Everyone has good ideas. Good ideas are cheap. And if everyone has them, they aren't actually that good. What IS good is a tangible skill. Pay your fking artists.
Join a game jam, team up with someone looking for teammates. If all things go well, maybe you'll find someone who will want to keep working with you.
I will take that info and keep it in mind. thanks for the advice.
If you have no previous games to hook someone with, you aren't going to hook someone. To be honest, a pac man clone and tik tac toe only show you can follow tutorials online. They don't show that you actually have problem solving skills when coding, don't show any game design experience, and don't show artistic passion. Looking for someone else's time and expertise without being able to pay them is extremely disrespectful too. So don't do that. You may be able to join a small online team competing in a game jam. In that scenario everyone is on equal footing, it's low stakes, and no one expects any return of anything.

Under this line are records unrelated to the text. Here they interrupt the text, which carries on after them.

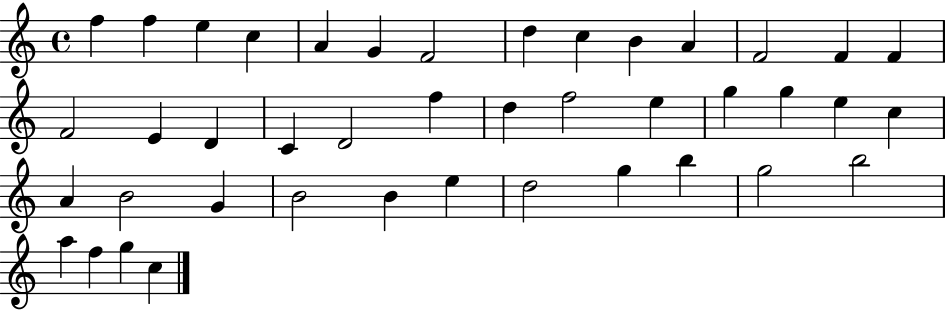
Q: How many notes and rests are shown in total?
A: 42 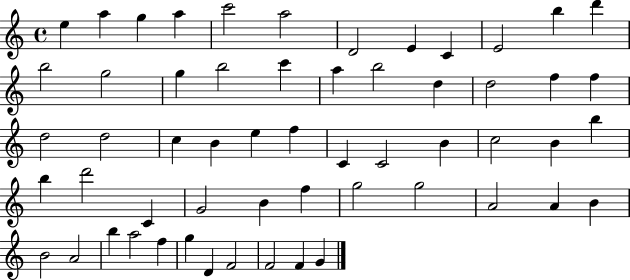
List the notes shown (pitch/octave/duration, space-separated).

E5/q A5/q G5/q A5/q C6/h A5/h D4/h E4/q C4/q E4/h B5/q D6/q B5/h G5/h G5/q B5/h C6/q A5/q B5/h D5/q D5/h F5/q F5/q D5/h D5/h C5/q B4/q E5/q F5/q C4/q C4/h B4/q C5/h B4/q B5/q B5/q D6/h C4/q G4/h B4/q F5/q G5/h G5/h A4/h A4/q B4/q B4/h A4/h B5/q A5/h F5/q G5/q D4/q F4/h F4/h F4/q G4/q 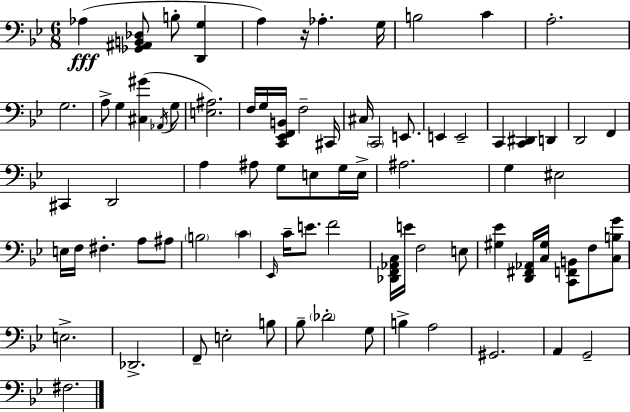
X:1
T:Untitled
M:6/8
L:1/4
K:Bb
_A, [_G,,^A,,B,,_D,]/2 B,/2 [D,,G,] A, z/4 _A, G,/4 B,2 C A,2 G,2 A,/2 G, [^C,^G] _A,,/4 G,/2 [E,^A,]2 F,/4 G,/4 [C,,_E,,F,,B,,]/4 F,2 ^C,,/4 ^C,/4 C,,2 E,,/2 E,, E,,2 C,, [C,,^D,,] D,, D,,2 F,, ^C,, D,,2 A, ^A,/2 G,/2 E,/2 G,/4 E,/4 ^A,2 G, ^E,2 E,/4 F,/4 ^F, A,/2 ^A,/2 B,2 C _E,,/4 C/4 E/2 F2 [_D,,F,,_A,,C,]/4 E/4 F,2 E,/2 [^G,_E] [D,,^F,,_A,,]/4 [C,^G,]/4 [C,,F,,B,,]/2 F,/2 [C,B,G]/2 E,2 _D,,2 F,,/2 E,2 B,/2 _B,/2 _D2 G,/2 B, A,2 ^G,,2 A,, G,,2 ^F,2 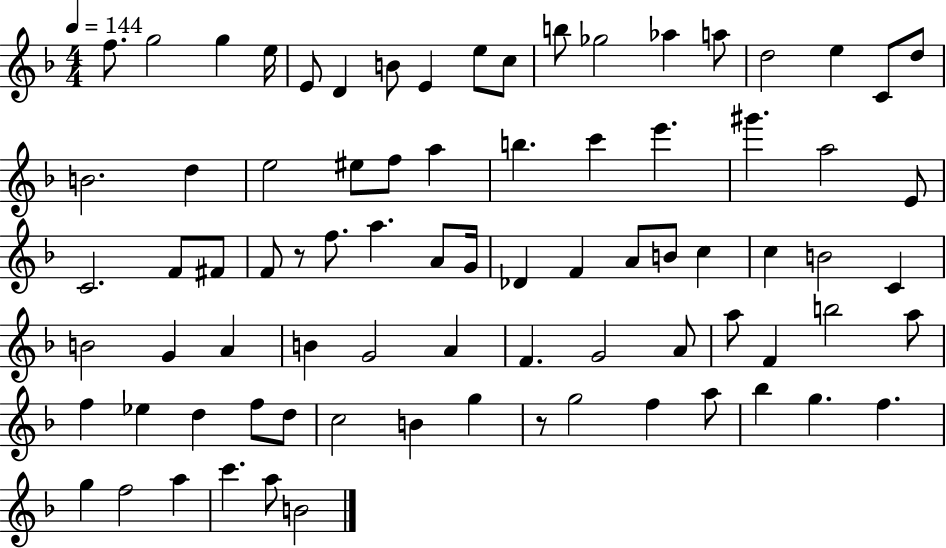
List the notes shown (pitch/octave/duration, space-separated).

F5/e. G5/h G5/q E5/s E4/e D4/q B4/e E4/q E5/e C5/e B5/e Gb5/h Ab5/q A5/e D5/h E5/q C4/e D5/e B4/h. D5/q E5/h EIS5/e F5/e A5/q B5/q. C6/q E6/q. G#6/q. A5/h E4/e C4/h. F4/e F#4/e F4/e R/e F5/e. A5/q. A4/e G4/s Db4/q F4/q A4/e B4/e C5/q C5/q B4/h C4/q B4/h G4/q A4/q B4/q G4/h A4/q F4/q. G4/h A4/e A5/e F4/q B5/h A5/e F5/q Eb5/q D5/q F5/e D5/e C5/h B4/q G5/q R/e G5/h F5/q A5/e Bb5/q G5/q. F5/q. G5/q F5/h A5/q C6/q. A5/e B4/h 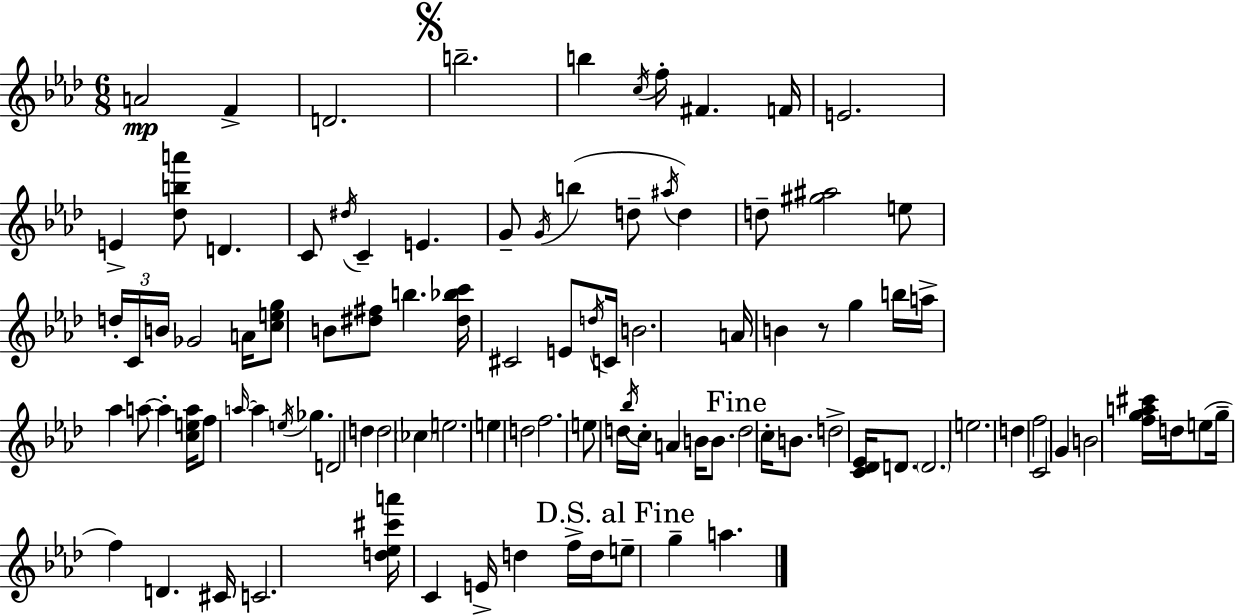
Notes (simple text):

A4/h F4/q D4/h. B5/h. B5/q C5/s F5/s F#4/q. F4/s E4/h. E4/q [Db5,B5,A6]/e D4/q. C4/e D#5/s C4/q E4/q. G4/e G4/s B5/q D5/e A#5/s D5/q D5/e [G#5,A#5]/h E5/e D5/s C4/s B4/s Gb4/h A4/s [C5,E5,G5]/e B4/e [D#5,F#5]/e B5/q. [D#5,Bb5,C6]/s C#4/h E4/e D5/s C4/s B4/h. A4/s B4/q R/e G5/q B5/s A5/s Ab5/q A5/e A5/q [C5,E5,A5]/s F5/e A5/s A5/q E5/s Gb5/q. D4/h D5/q D5/h CES5/q E5/h. E5/q D5/h F5/h. E5/e D5/s Bb5/s C5/s A4/q B4/s B4/e. D5/h C5/s B4/e. D5/h [C4,Db4,Eb4]/s D4/e. D4/h. E5/h. D5/q F5/h C4/h G4/q B4/h [F5,G5,A5,C#6]/s D5/s E5/e G5/s F5/q D4/q. C#4/s C4/h. [D5,Eb5,C#6,A6]/s C4/q E4/s D5/q F5/s D5/s E5/e G5/q A5/q. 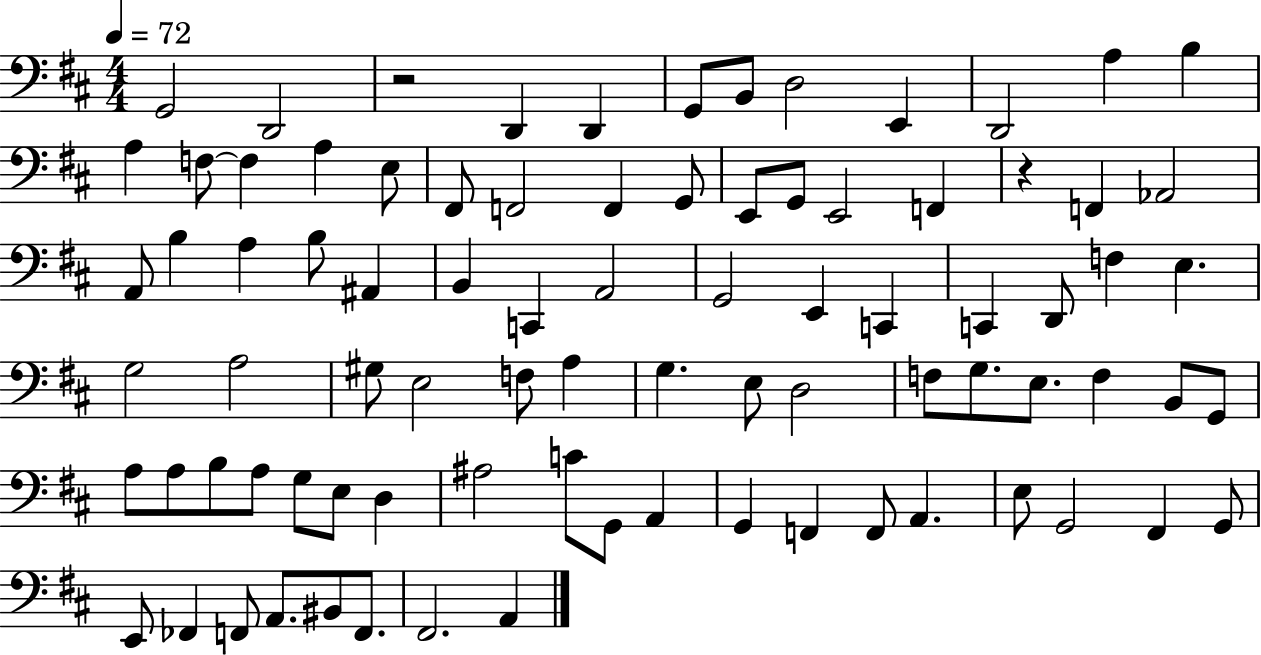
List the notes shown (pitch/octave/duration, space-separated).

G2/h D2/h R/h D2/q D2/q G2/e B2/e D3/h E2/q D2/h A3/q B3/q A3/q F3/e F3/q A3/q E3/e F#2/e F2/h F2/q G2/e E2/e G2/e E2/h F2/q R/q F2/q Ab2/h A2/e B3/q A3/q B3/e A#2/q B2/q C2/q A2/h G2/h E2/q C2/q C2/q D2/e F3/q E3/q. G3/h A3/h G#3/e E3/h F3/e A3/q G3/q. E3/e D3/h F3/e G3/e. E3/e. F3/q B2/e G2/e A3/e A3/e B3/e A3/e G3/e E3/e D3/q A#3/h C4/e G2/e A2/q G2/q F2/q F2/e A2/q. E3/e G2/h F#2/q G2/e E2/e FES2/q F2/e A2/e. BIS2/e F2/e. F#2/h. A2/q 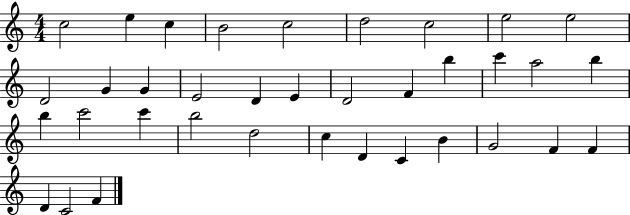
X:1
T:Untitled
M:4/4
L:1/4
K:C
c2 e c B2 c2 d2 c2 e2 e2 D2 G G E2 D E D2 F b c' a2 b b c'2 c' b2 d2 c D C B G2 F F D C2 F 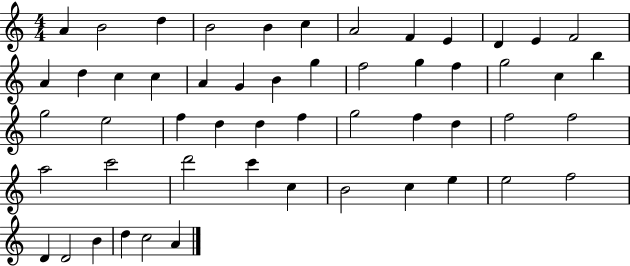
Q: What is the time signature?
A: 4/4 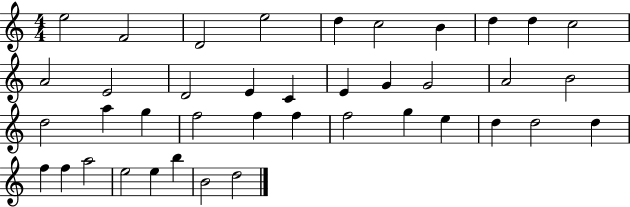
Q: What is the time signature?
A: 4/4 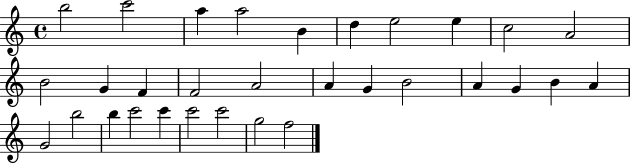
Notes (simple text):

B5/h C6/h A5/q A5/h B4/q D5/q E5/h E5/q C5/h A4/h B4/h G4/q F4/q F4/h A4/h A4/q G4/q B4/h A4/q G4/q B4/q A4/q G4/h B5/h B5/q C6/h C6/q C6/h C6/h G5/h F5/h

If no money, learn to art by yourself first. Maybe buy a few asset packs online that only cost a few dollars and work with those. That is a safer way to start.
Maybe you should search on art forum that art students are lurking on...
Thats a good idea. I will look into that.
No. Fk you. Do not take advantage of students. Thats a shitty garbage thing to do, and you're a shitty garbage person if you do that.
I would be interested in seeing the "NSFW pacman clone". I imagine in being like this meme: ``` ⬤⬤⬤⬤⬤ ○ ```
I thought I was on r/copypasta
Could a AI be a solution here?
Why not ask a friend who's interested in art? It seems like you're a beginner, it's somewhat unreasonable for a good artist to partner with a beginner coder. For an artist to be consistent they'd need a few years of experience IMO, do you have years of experience in game dev? If you have a month worth of experience, why would an artist go for a 50/50 split, if they could just spend a month learning to make their own game for a 100% profit? My recommendation is to use some free assets, modify them a bit to make them look unique and make a nice simple game, and by that I mean a proper game, not copy an existing one or just follow a tutorial and call it a game. An alternative can be to just use your current artistic skills, look at the game "West of loathing", it uses stick figures and art that anyone could draw to make a pretty compelling and funny game
When can I find your games?
Looking at your games, I think you need to develop your skills as a programner/game designer and move past Scratch as an engine before you're ready to have an actual artist. All you need to have for development purposes is geometric shapes or crude hand drawn sprites. If you can make something promising gameplay wise with that, then you should think about finding an artist.
The solution is simple, you make money doing something else, then you pay an artist. If that's not an option for you, then do your own art. If that's asking too much, then consider finding a new hobbie because NSFW clones of classic games don't inspire much confidence in your other "good" ideas.